----- Data for processing -----

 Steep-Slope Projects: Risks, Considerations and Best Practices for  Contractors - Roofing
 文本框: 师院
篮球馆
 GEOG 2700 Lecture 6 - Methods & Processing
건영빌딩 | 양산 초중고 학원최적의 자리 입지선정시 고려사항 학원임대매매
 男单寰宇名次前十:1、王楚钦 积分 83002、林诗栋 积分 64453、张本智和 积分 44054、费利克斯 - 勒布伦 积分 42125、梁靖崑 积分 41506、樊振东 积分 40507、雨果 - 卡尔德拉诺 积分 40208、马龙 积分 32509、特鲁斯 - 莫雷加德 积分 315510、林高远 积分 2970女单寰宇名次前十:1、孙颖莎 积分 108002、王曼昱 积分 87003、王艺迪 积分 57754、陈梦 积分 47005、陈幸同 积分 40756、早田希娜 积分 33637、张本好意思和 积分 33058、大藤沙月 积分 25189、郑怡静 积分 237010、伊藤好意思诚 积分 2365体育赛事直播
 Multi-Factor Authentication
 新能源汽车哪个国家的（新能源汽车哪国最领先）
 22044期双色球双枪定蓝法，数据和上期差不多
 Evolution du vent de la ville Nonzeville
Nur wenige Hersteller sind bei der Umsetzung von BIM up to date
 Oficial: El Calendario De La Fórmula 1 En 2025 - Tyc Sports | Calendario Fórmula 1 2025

-----
----- Data for processing -----

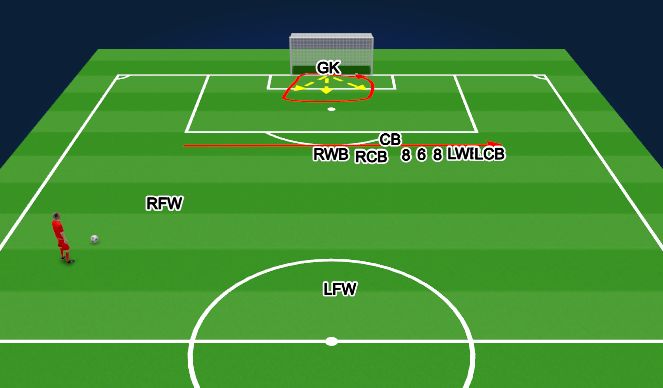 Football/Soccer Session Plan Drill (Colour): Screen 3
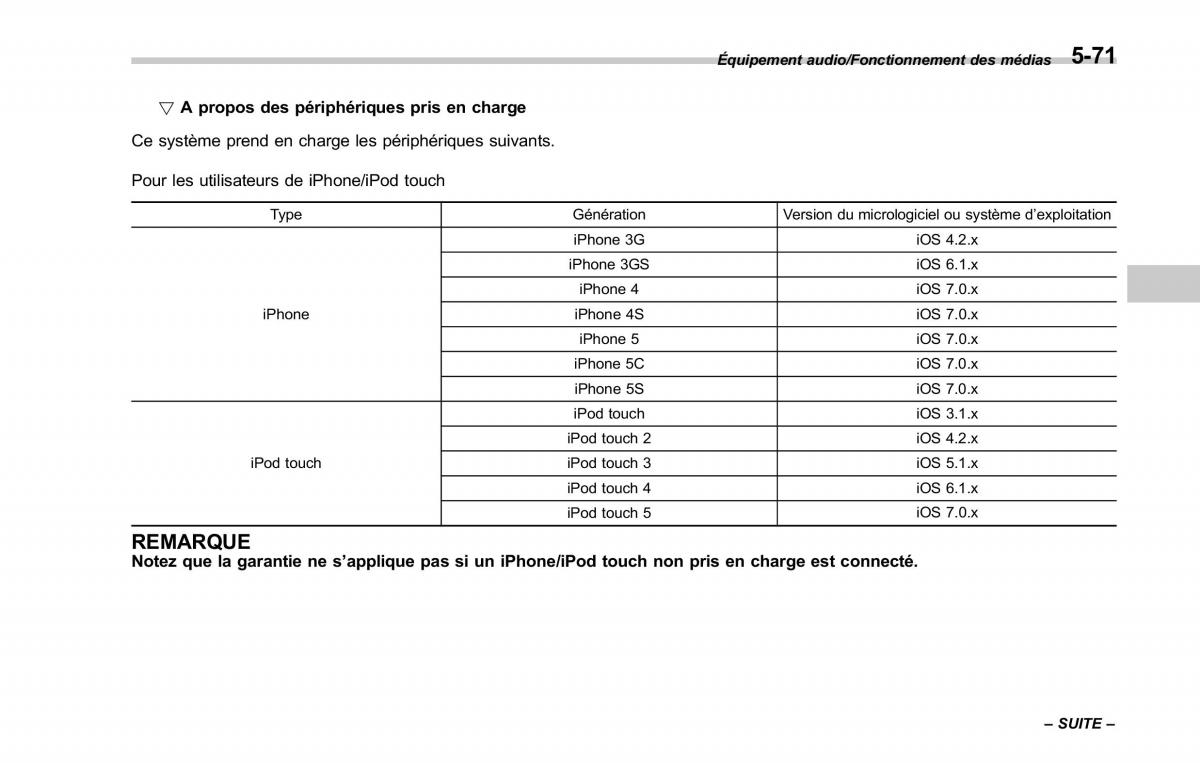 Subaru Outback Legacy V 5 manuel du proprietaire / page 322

-----
----- Data for processing -----

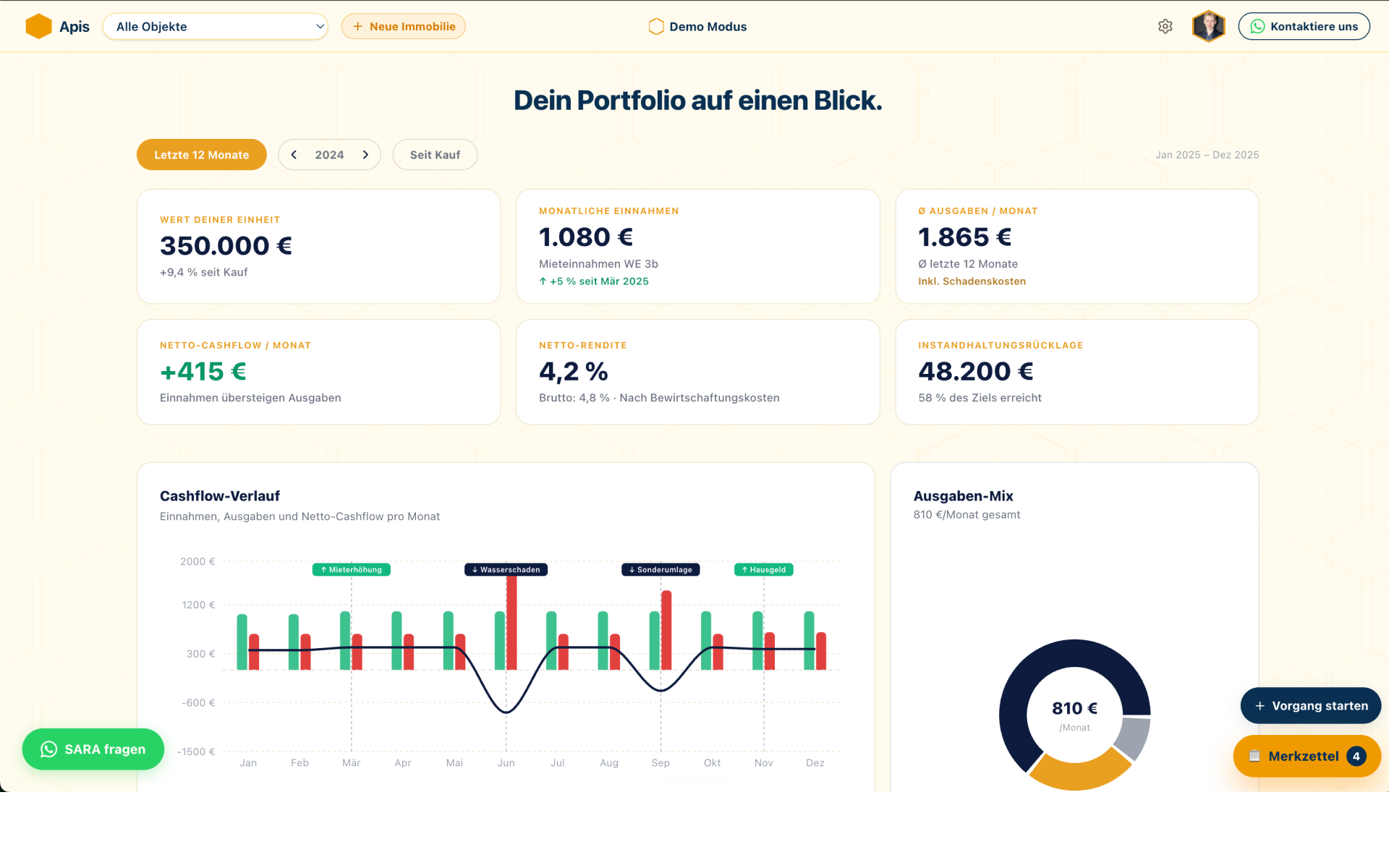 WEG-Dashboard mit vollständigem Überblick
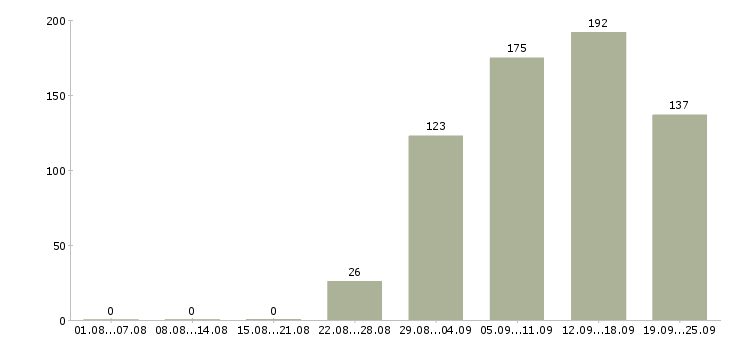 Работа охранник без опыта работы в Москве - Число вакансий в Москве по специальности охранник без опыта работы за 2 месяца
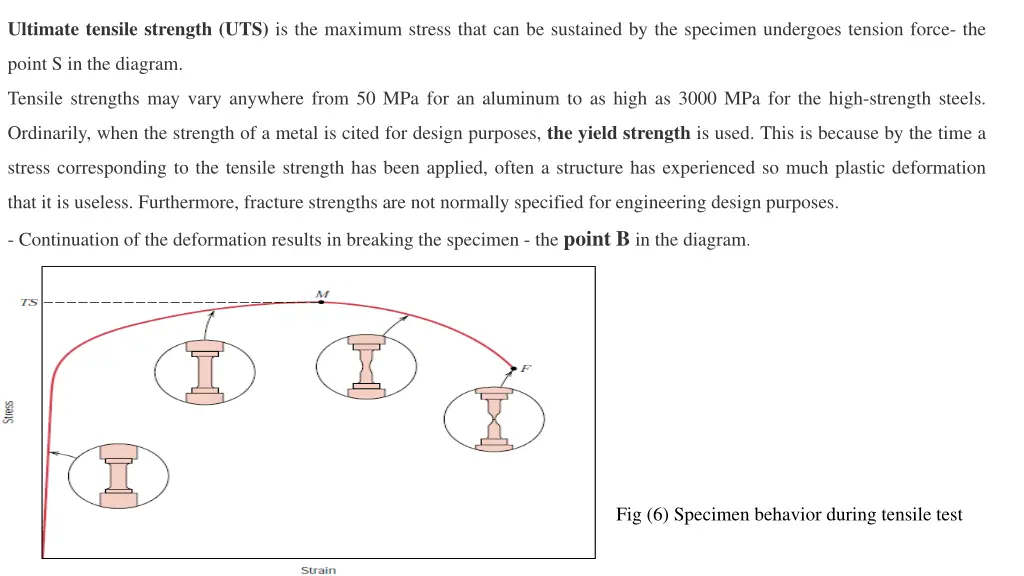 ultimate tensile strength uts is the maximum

-----

Work instructions: Would you please copy, word for word, everything above from the line containing "건영빌딩 | 양산 초중고 학원최적의 자리 입지선정시 고려사항 학원임대매매" down to the line containing "Oficial: El Calendario", those two lines included?

Answer space:
건영빌딩 | 양산 초중고 학원최적의 자리 입지선정시 고려사항 학원임대매매
 男单寰宇名次前十:1、王楚钦 积分 83002、林诗栋 积分 64453、张本智和 积分 44054、费利克斯 - 勒布伦 积分 42125、梁靖崑 积分 41506、樊振东 积分 40507、雨果 - 卡尔德拉诺 积分 40208、马龙 积分 32509、特鲁斯 - 莫雷加德 积分 315510、林高远 积分 2970女单寰宇名次前十:1、孙颖莎 积分 108002、王曼昱 积分 87003、王艺迪 积分 57754、陈梦 积分 47005、陈幸同 积分 40756、早田希娜 积分 33637、张本好意思和 积分 33058、大藤沙月 积分 25189、郑怡静 积分 237010、伊藤好意思诚 积分 2365体育赛事直播
 Multi-Factor Authentication
 新能源汽车哪个国家的（新能源汽车哪国最领先）
 22044期双色球双枪定蓝法，数据和上期差不多
 Evolution du vent de la ville Nonzeville
Nur wenige Hersteller sind bei der Umsetzung von BIM up to date
 Oficial: El Calendario De La Fórmula 1 En 2025 - Tyc Sports | Calendario Fórmula 1 2025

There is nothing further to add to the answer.